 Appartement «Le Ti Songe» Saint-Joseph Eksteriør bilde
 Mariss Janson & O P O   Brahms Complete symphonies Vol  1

* * *

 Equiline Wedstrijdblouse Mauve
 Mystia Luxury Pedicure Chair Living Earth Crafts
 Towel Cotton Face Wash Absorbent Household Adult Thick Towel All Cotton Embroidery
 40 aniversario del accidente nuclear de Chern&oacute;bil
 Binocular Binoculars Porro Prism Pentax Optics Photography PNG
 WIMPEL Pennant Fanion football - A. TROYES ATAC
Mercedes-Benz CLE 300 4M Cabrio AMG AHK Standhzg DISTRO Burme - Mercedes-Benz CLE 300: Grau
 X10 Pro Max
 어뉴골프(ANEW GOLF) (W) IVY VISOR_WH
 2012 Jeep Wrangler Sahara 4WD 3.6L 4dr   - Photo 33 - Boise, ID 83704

▶ [Task item]: Scan the listing above for the line that has "Towel Cotton Face", then copy exactly from that line through the line that has "2012 Jeep Wrangler".

▶ [Your response]:
 Towel Cotton Face Wash Absorbent Household Adult Thick Towel All Cotton Embroidery
 40 aniversario del accidente nuclear de Chern&oacute;bil
 Binocular Binoculars Porro Prism Pentax Optics Photography PNG
 WIMPEL Pennant Fanion football - A. TROYES ATAC
Mercedes-Benz CLE 300 4M Cabrio AMG AHK Standhzg DISTRO Burme - Mercedes-Benz CLE 300: Grau
 X10 Pro Max
 어뉴골프(ANEW GOLF) (W) IVY VISOR_WH
 2012 Jeep Wrangler Sahara 4WD 3.6L 4dr   - Photo 33 - Boise, ID 83704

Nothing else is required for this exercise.